Aim of the task:
Write out exactly the lines below starting at the one containing "May include: A" and ending at the one containing "Slide: The Image". Omit every picture.

Input records:
☆ ☆ ☆ ☆ ☆

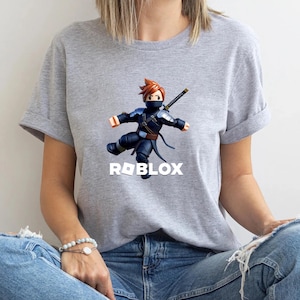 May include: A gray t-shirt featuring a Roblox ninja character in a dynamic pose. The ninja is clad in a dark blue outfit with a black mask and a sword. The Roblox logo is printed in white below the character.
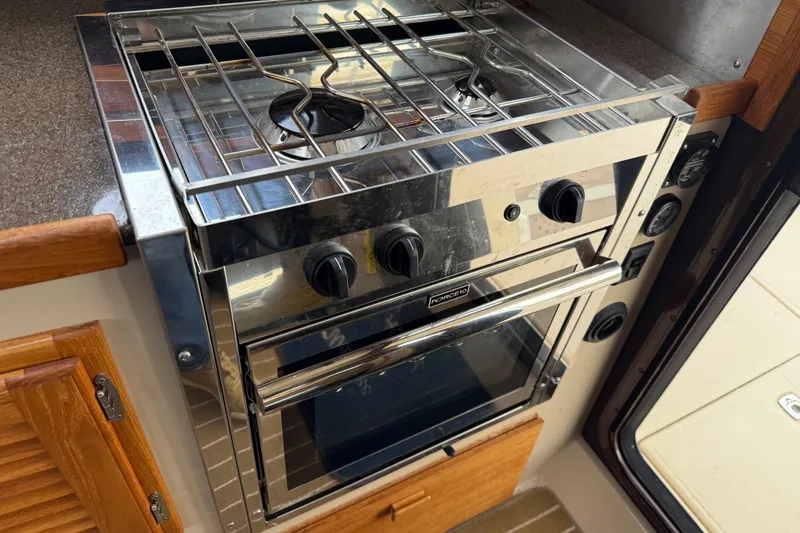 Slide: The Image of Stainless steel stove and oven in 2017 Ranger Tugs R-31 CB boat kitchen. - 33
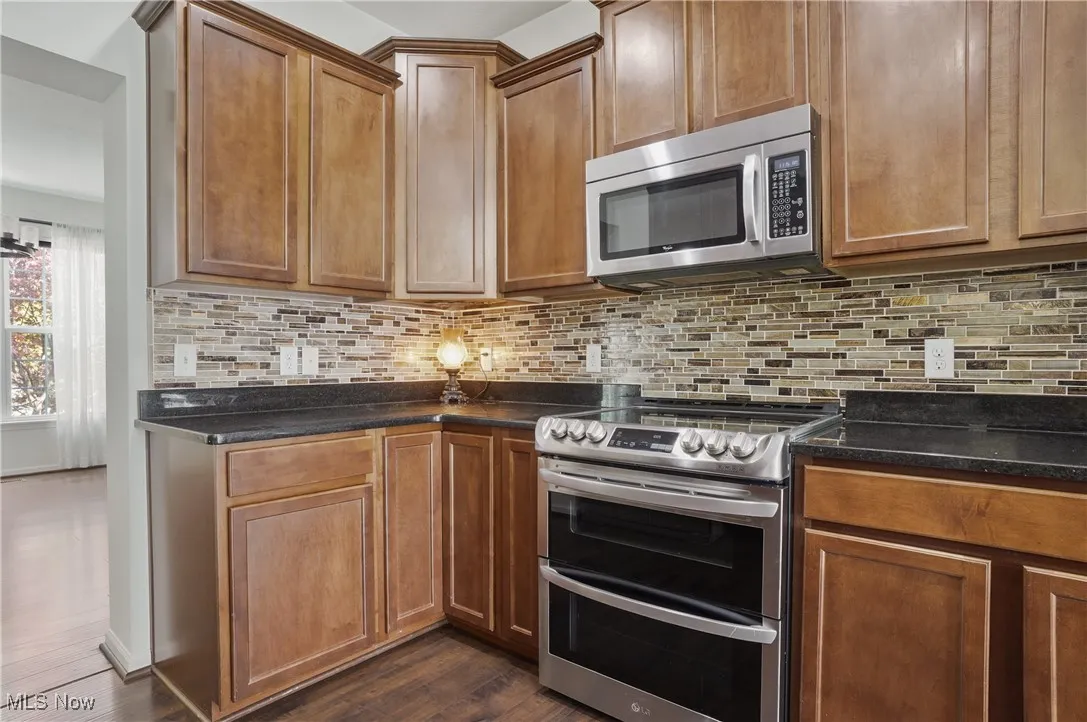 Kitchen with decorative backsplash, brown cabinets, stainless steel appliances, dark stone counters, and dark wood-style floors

☆ ☆ ☆ ☆ ☆

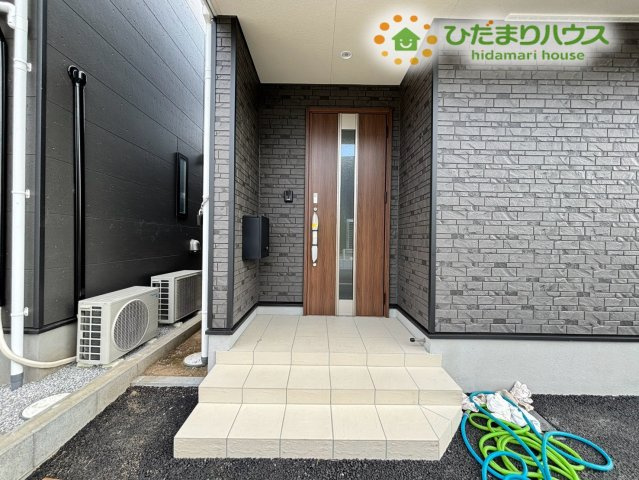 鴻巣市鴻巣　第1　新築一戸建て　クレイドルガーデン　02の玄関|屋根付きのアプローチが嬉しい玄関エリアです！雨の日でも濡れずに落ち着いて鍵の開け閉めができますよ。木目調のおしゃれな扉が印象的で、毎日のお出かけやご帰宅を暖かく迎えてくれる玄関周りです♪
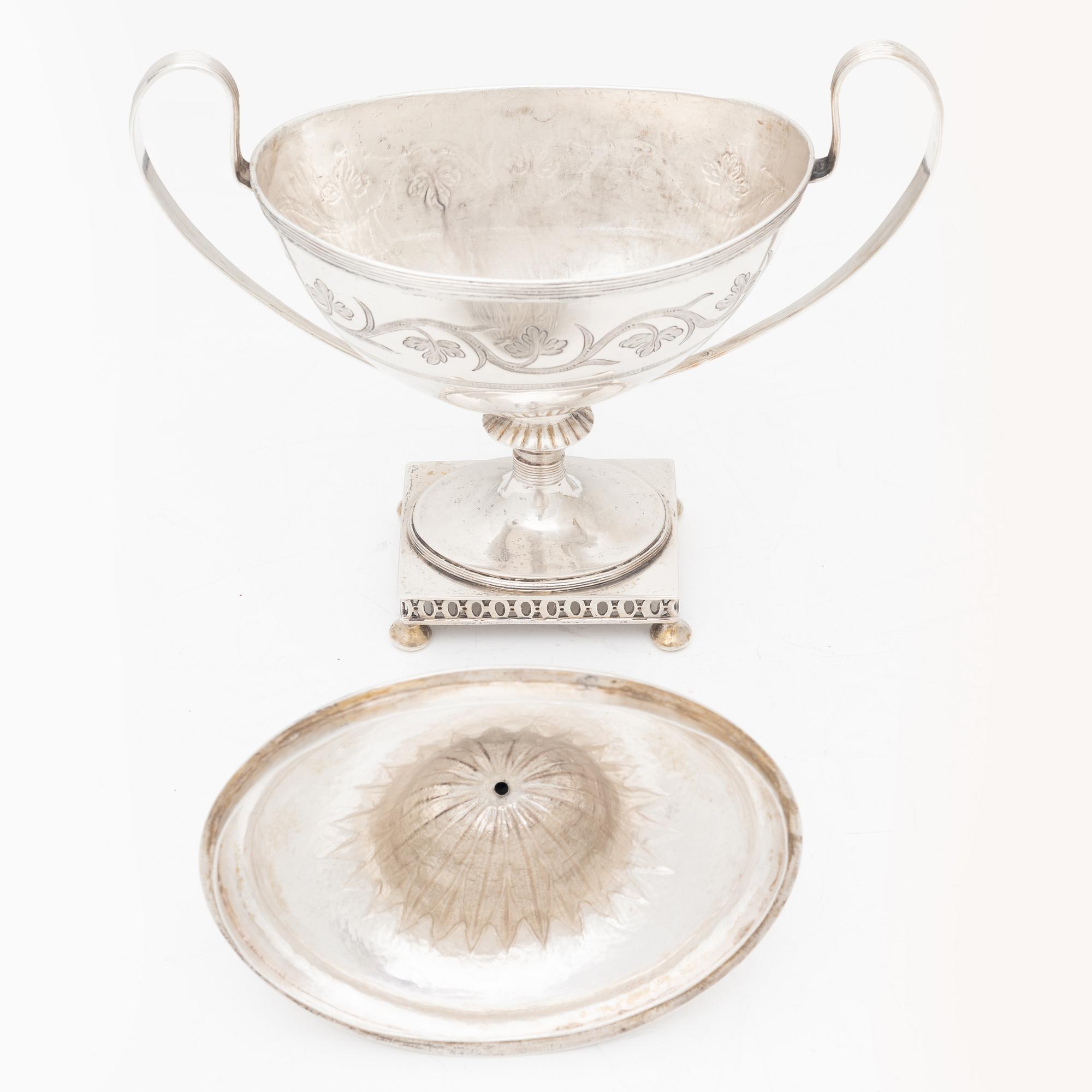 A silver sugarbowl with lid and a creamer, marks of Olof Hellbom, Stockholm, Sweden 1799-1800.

☆ ☆ ☆ ☆ ☆

Solution:
 May include: A gray t-shirt featuring a Roblox ninja character in a dynamic pose. The ninja is clad in a dark blue outfit with a black mask and a sword. The Roblox logo is printed in white below the character.
 Slide: The Image of Stainless steel stove and oven in 2017 Ranger Tugs R-31 CB boat kitchen. - 33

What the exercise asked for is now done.